Out-of-province downsizing, Paying capital gains tax on an investment property


There are small but significant differences in the way that real estate is practiced from one province to the next.

Dear David,

My husband and I are retired. We’ve talked about downsizing in Nova Scotia. Does real estate work differently in different provinces? We do realize that buying is difficult with travel limitations in place. – EAST COAST CALLING

DEAR EAST: I always consider the motivation behind a downsizing question. Many people wonder about proximity to family, property upkeep and the ability to age in place, which are common concerns that can be accommodated with the right support. Another consideration is your buying power, which will likely improve with a move out east. Properties in that part of the country are generally more affordable than they are near the GTA, including here in Waterloo Region.

To answer your question, there are small but significant differences in the way that real estate is practiced from one province to the next.
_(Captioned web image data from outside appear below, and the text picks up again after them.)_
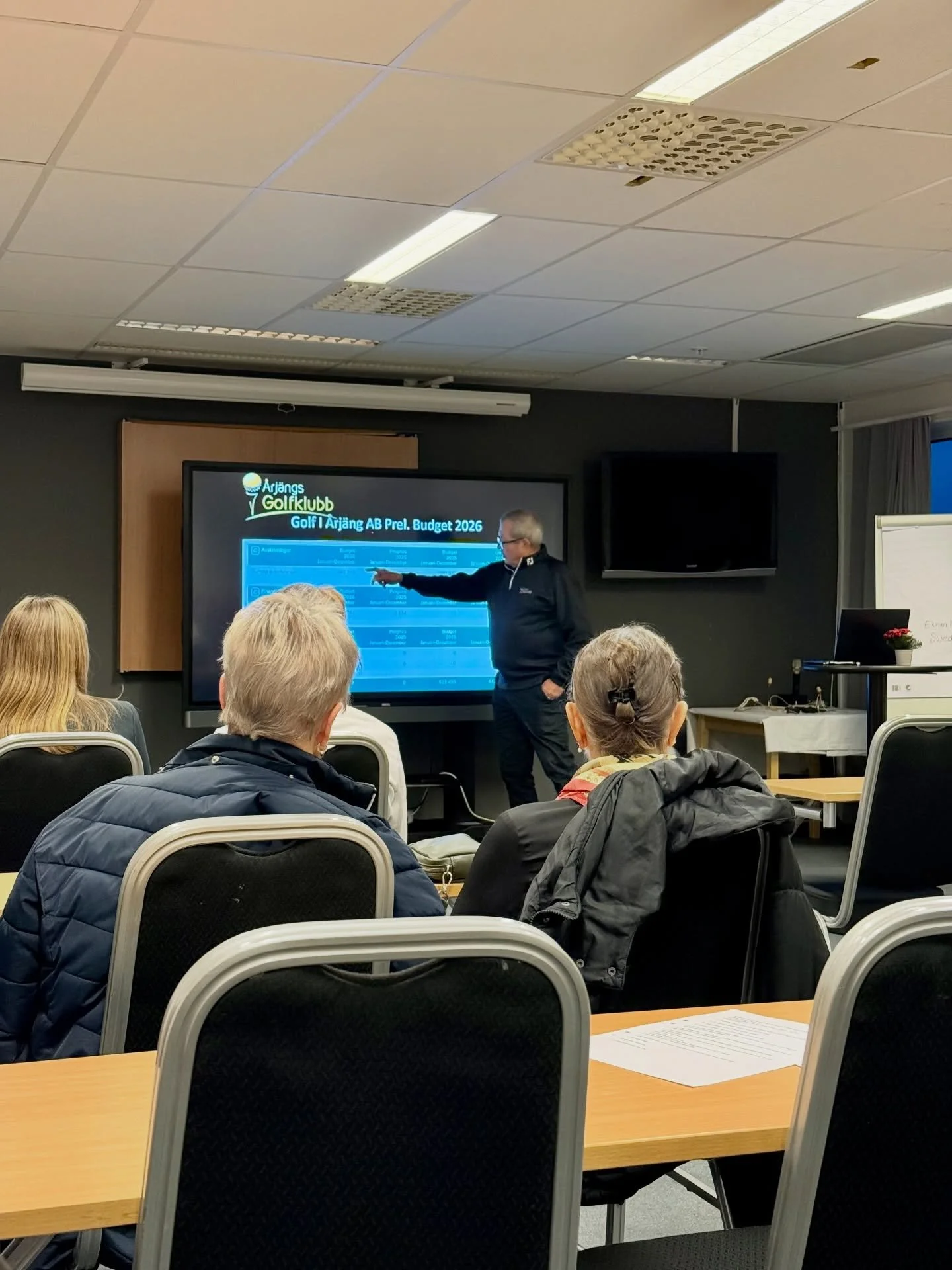 Under s&ouml;ndag eftermiddag h&ouml;lls &aring;rets h&ouml;stm&ouml;te p&aring; Hotell &Aring;rj&auml;ng.
Ordf&ouml;rande &Ouml;rjan gick igenom vad som har h&auml;nt under &aring;ret och kommitt&eacute;ernas verksamhetsber&auml;ttelser. 
Ny styrels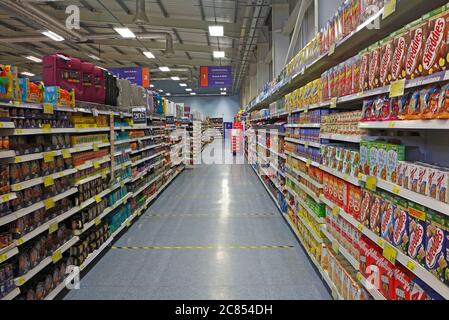 Une allée dans un magasin B&M sans personne et sans marqueurs sociaux pendant la période du virus Covid-19 à Norwich, Norfolk, Angleterre, Royaume-Uni. Banque D'Images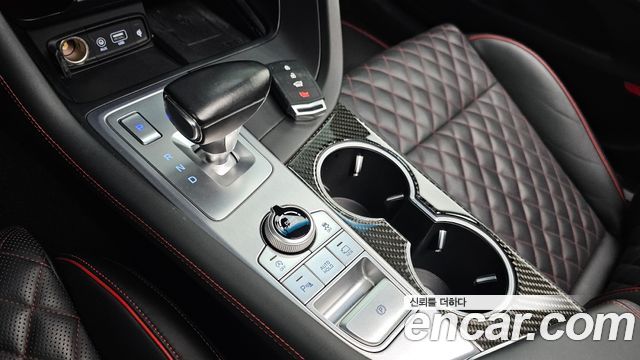 Genesis G70 2019 — photo 9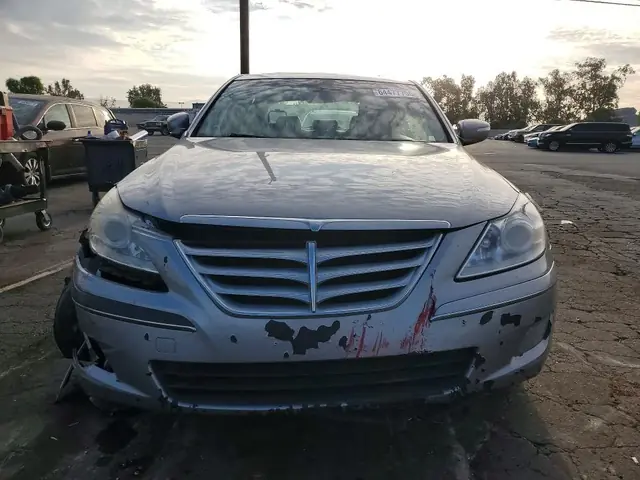 HYUNDAI GENESIS 2011 photo 5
As a licensed real estate Broker, I can practice anywhere in Ontario, but if you are moving further afield, you’ll need local assistance.

Clients of mine recently moved to Calgary. Because I have professional relationships with Realtors worldwide, I matched them with an experienced agent who knows the local neighbourhoods. I like to make those warm connections to ensure my clients are in capable hands. If you need help finding someone, I am happy to make a recommendation.

PRO TIP: Until you can travel freely, you may want to have a local agent set you up with an online search, so you can get a feel for properties that meet your criteria.

Dear David,

I severed my property five years ago, and built a new home on the severed parcel. My son has been renting the original house and wants to buy it as a way of getting into the market. Will I need to pay the capital gains all at once, or can I do it over the course of a few years? – DOTING DAD

DEAR DOTING: I recommend you speak to a CPA (Chartered Professional Accountant). When you sell a house for more than you paid for it, there is a capital gain. In Canada, principal residences are not subject to capital gains tax, but investment properties are.

To establish capital gain, the CRA (Canada Revenue Agency) will need to know the market value of your original house on the date it became an investment property, and its market value at the time of sale. You’ll be taxed on the increase, though at a much lower rate than you would be on regular income. The full amount of this tax will be due on your next tax return.

An appraiser can establish and time stamp the property values. A knowledgeable local Realtor can provide an opinion of value for something recent, though if the CRA questions it, you may need a formal appraisal.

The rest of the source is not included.